Metadata-Version: 2.1
Name: lidbox
Version: 0.6.1
Summary: End-to-end spoken language identification (LID) on TensorFlow
Home-page: https://github.com/matiaslindgren/lidbox
Author: Matias Lindgren
Author-email: matias.lindgren@iki.fi
License: MIT
Description: # lidbox
        
        * End-to-end spoken language identification (LID) on TensorFlow.
        * Parallel feature extraction using `tf.data.Dataset`, with STFT computations on the GPU using the `tf.signal` package.
        * Only metadata (e.g. utt2path, utt2label) is fully loaded into memory, rest is done in linear passes  over the dataset with the `tf.data.Dataset` iterator.
        * Spectrograms, source audio, and utterance ids can be written into TensorBoard summaries.
        * Model training with `tf.keras`, some model examples are available [here](./lidbox/models).
        * Average detection cost (`C_avg`) implemented as a `tf.keras.metrics.Metric`.
        * You can also try `lidbox` for speaker recognition, since no assumptions will be made of the signal labels. E.g. use utt2speaker as utt2label and see what happens.
        
        [Here](./examples/common-voice/common-voice-4.ipynb) is a full example notebook showing what `lidbox` can do.
        
        ## Why would I want to use this?
        
        * You need a simple, deep learning based speech classification pipeline.

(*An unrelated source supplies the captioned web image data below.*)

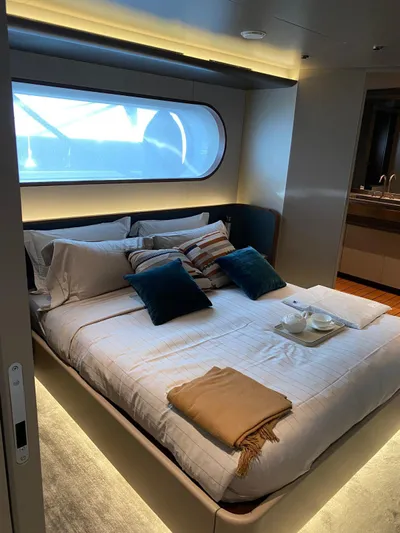  Yacht Photos Pics Luxurious bedroom interior of 2024 Azimut Magellano 30M yacht with modern design.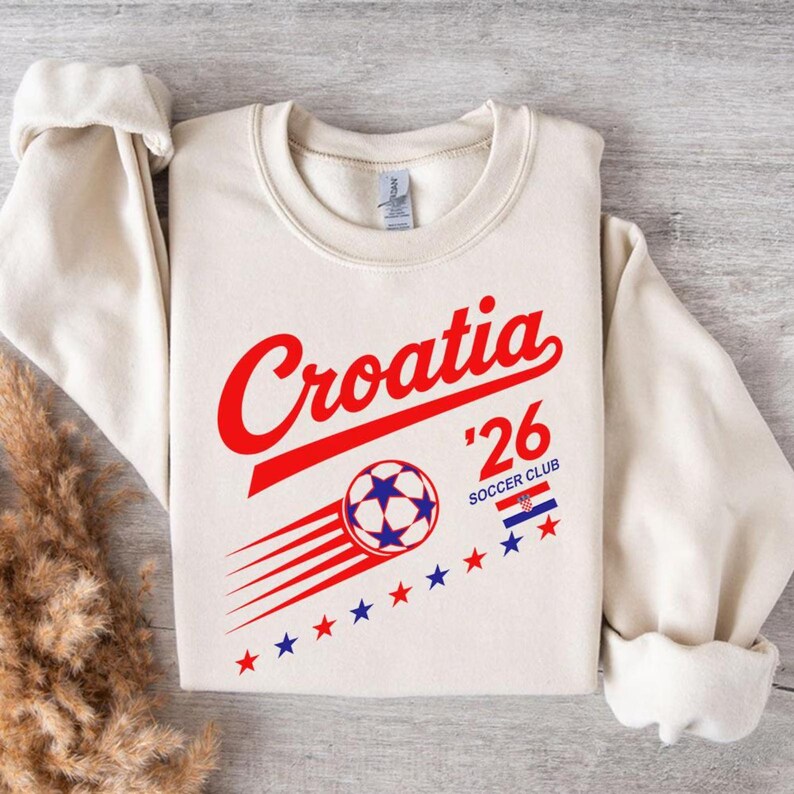 Puede incluir: Una sudadera de cuello redondo color crema con el texto en rojo Croatia, el n&uacute;mero 26 y las palabras SOCCER CLUB. Debajo hay un gr&aacute;fico de un bal&oacute;n de f&uacute;tbol con l&iacute;neas de movimiento, una peque&ntilde;a bandera croata y estrellas rojas y azules.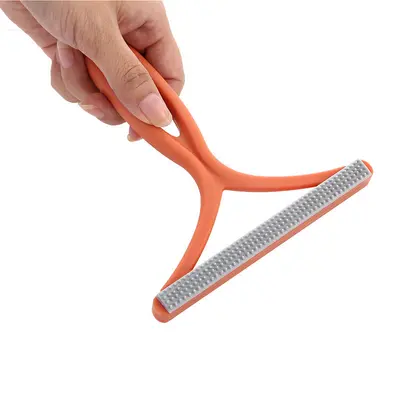 Manual double-sided lint remover for clothing and fabrics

            For example: waveform -> VAD filter -> augment audio data -> serialize all data to a single binary file -> extract log-scale Mel-spectra or MFCC -> use DNN/CNN/LSTM/GRU/attention (etc.) to classify by signal labels
        * You have thousands of hours of speech data
        * You have a TensorFlow/Keras model that you train on the GPU and want the `tf.data.Dataset` extraction pipeline to also be on the GPU
        * You want an end-to-end pipeline that uses TensorFlow 2 as much as possible
        
        ## Why would I not want to use this?
        
        * You are happy doing everything with [Kaldi](https://github.com/kaldi-asr/kaldi) or some other toolkits
        * You don't want to debug by reading the source code when something goes wrong
        * You don't want to install TensorFlow 2 and configure its dependencies (CUDA etc.)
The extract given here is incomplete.